Contents

1 The problem

You may have come up with some of the following issues:

  1. you want to use software that doesn’t exist for the operating system (Mac, Windows, Linux) you’d prefer.

  2. you struggle with installing a software tool because you have to install a number of other dependencies first. Those dependencies, in turn, require other things, and so on (i.e. combinatoric explosion).

  3. the software you’re setting up involves many dependencies and only a subset of all possible versions of those dependencies actually works as desired.

  4. you’re not actually sure what version of the software you’re using because the install process was so circuitous.

  5. you and a colleague are using the same software but get different results because you have installed different versions and/or are using different operating systems.
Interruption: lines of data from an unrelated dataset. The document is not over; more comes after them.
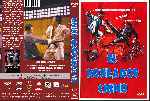 carátula dvd de El Boxeador Chino - Custom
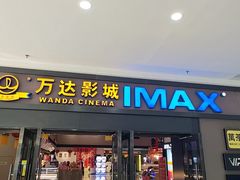 -万达影城(惠济万达广场IMAX店)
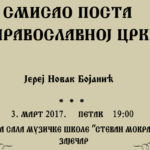 Predavanje „Smisao posta u Pravoslavnoj crkvi“ 3. mart u 19h velika sala muzičke škole u Zaječaru
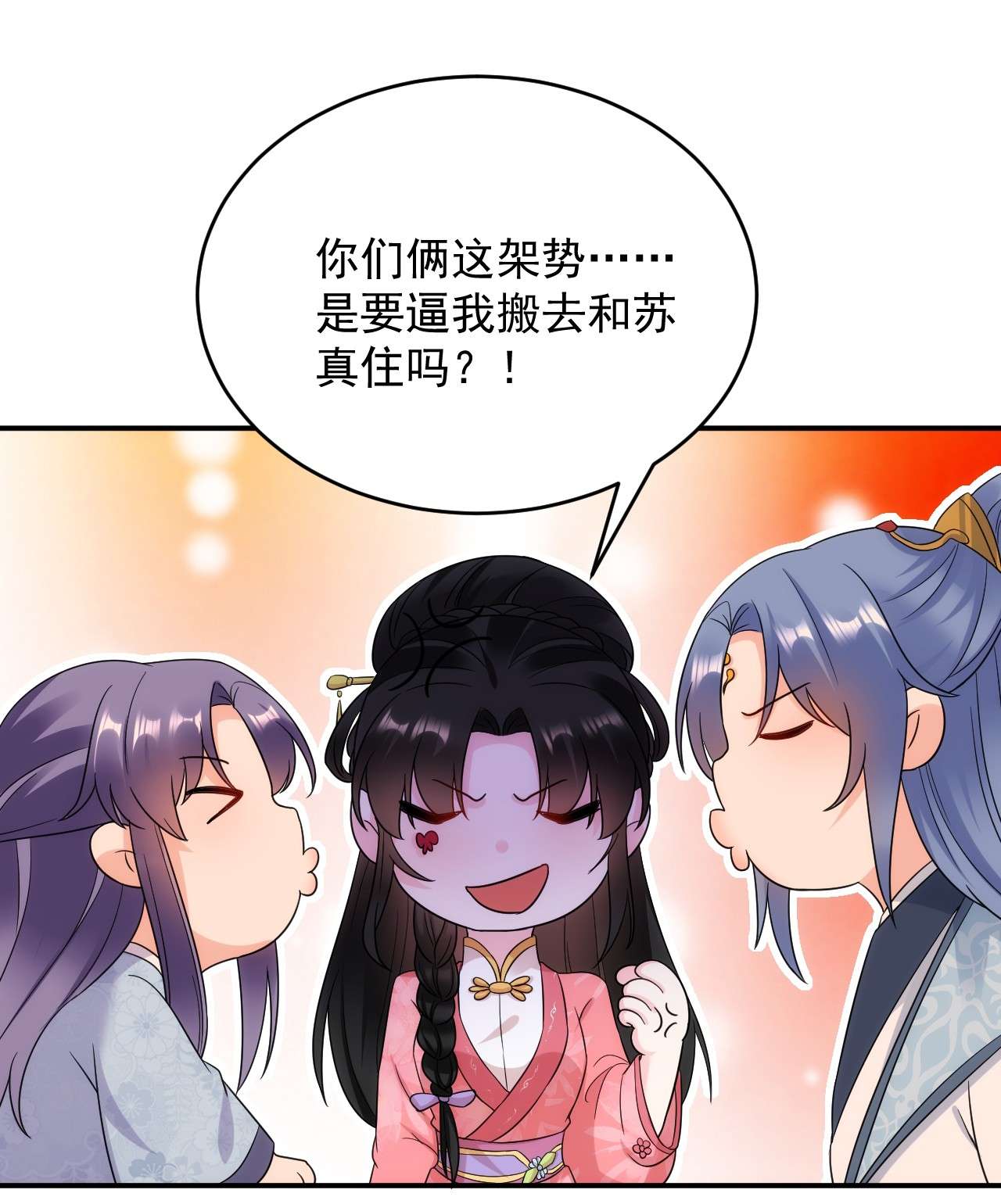 江山美男入我帐149 自古天然克腹黑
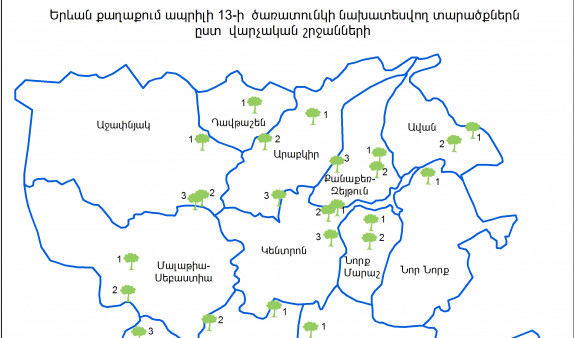 АРМЕНИЯ: В Ереване посадят около 7500 деревьев и кустарников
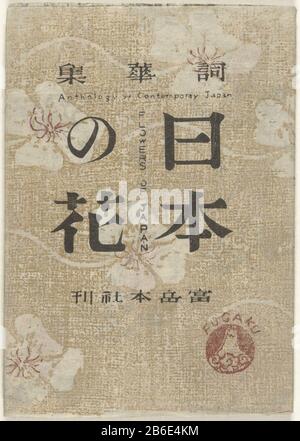 Flowers from Japan Flower of Japan (title object) Nihon no hana (title object) Part One (complete); light brown jacket with floral pattern and black title; cover with pattern of red roses in bud and title in black; bract; 66 pages partly numbered title page with plum blossom against gray background; pages 1-121, poems by 28 poets and several pictures of flowers; added three unnumbered sheets Where: on a post with flower; 123, epilogue; 1- 3, table of contents; one sheet, biographical information about poets and printmakers; last page, colophon; schutblad. Manufacturer : printmaker: Maekawa Sen Stock Photo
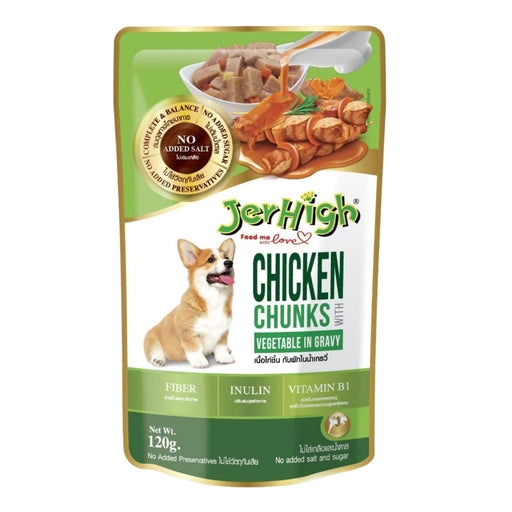 JerHigh Chicken and Vegetable in Gravy Pouch 120g dog food pack Singapore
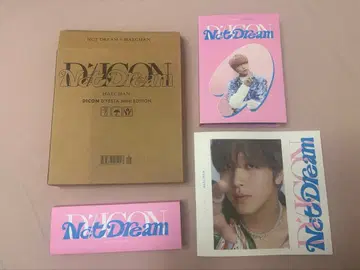 NCT DREAM DICON D'FESTA HAECHAN 해찬
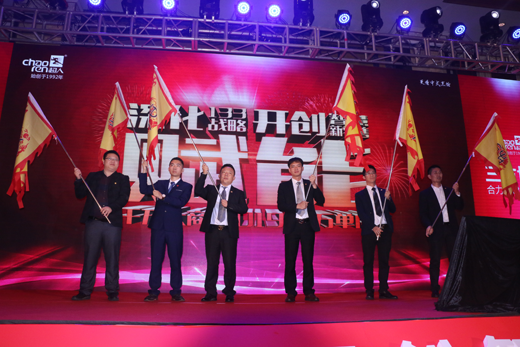 戰(zhàn)略落地 品牌推廣 超人廚衛(wèi)轉(zhuǎn)型升級(jí)進(jìn)行時(shí) 戰(zhàn)略落地 品牌推廣 超人廚衛(wèi)轉(zhuǎn)型升級(jí)進(jìn)行時(shí)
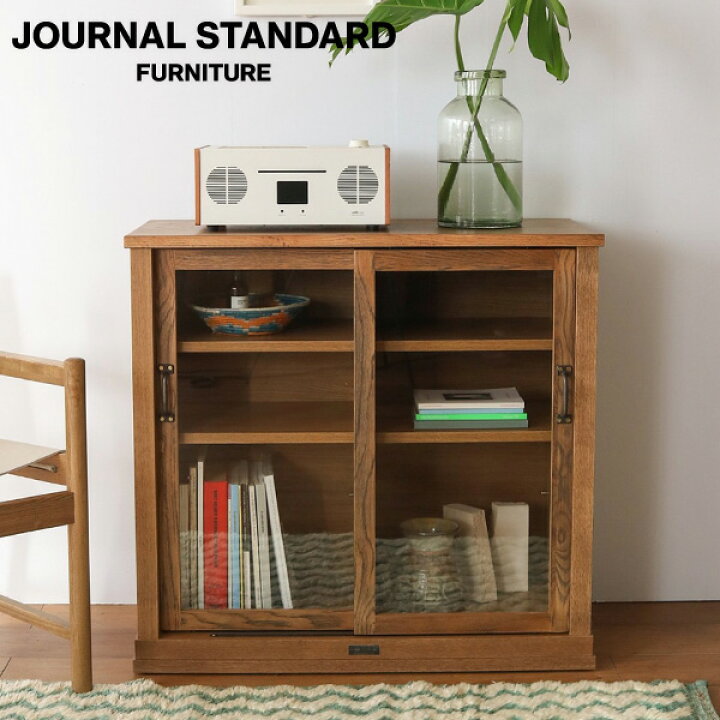 取りに来て頂ける方限定！journal standard Furniture（ジャーナル 
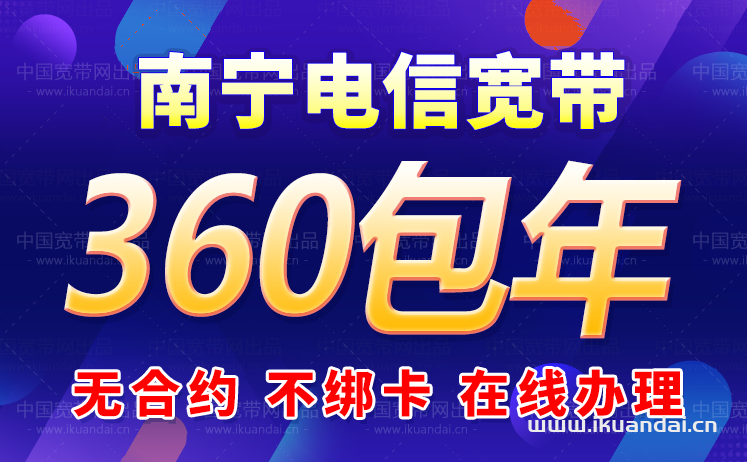 南宁的宽带区号是多少?南宁宽带区号 第2张 南宁的宽带区号是多少?南宁宽带区号 第2张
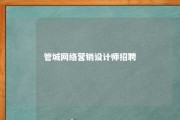 管城网络营销设计师招聘 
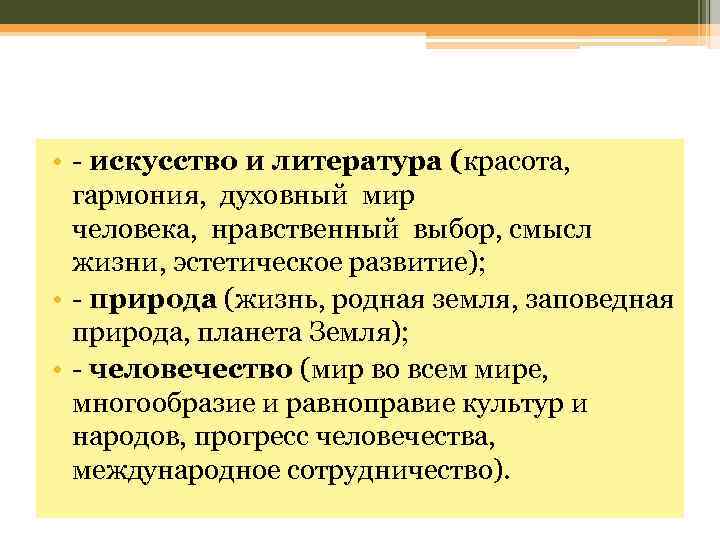  • - искусство и литература (красота, гармония, духовный мир человека, нравственный выбор, смысл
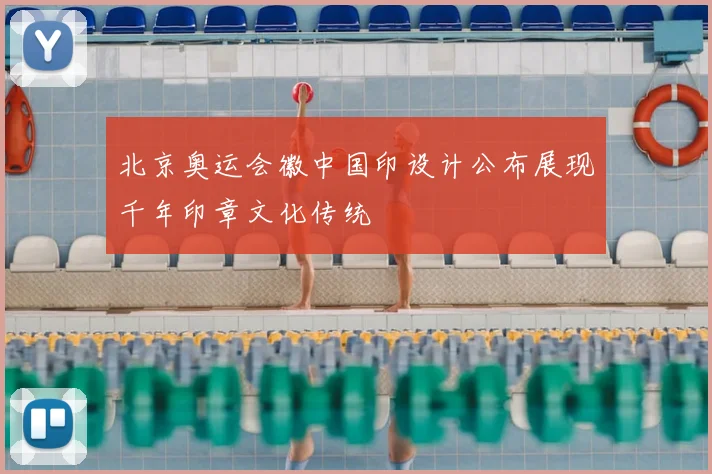 北京奥运会徽中国印设计公布展现千年印章文化传统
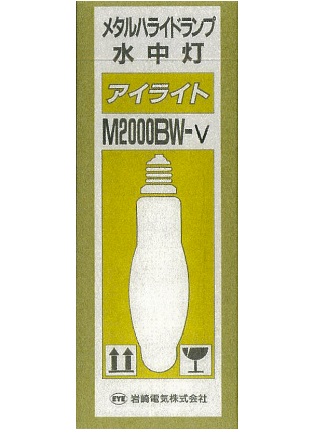 使用商標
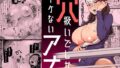 【中出し】 穴扱いでしかイケないアナ 【d_290469】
  6. Package installations take FOREVER!

2 What is Docker?

Docker enables you to separate your applications from your infrastructure. Containers and virtual machines have similar resource isolation and allocation benefits, but function differently because containers virtualize the operating system instead of hardware. Containers are more portable and efficient.

Deliver multiple applications hassle free and have them run the same way on all your environments including design, testing, staging and production – desktop or cloud-native.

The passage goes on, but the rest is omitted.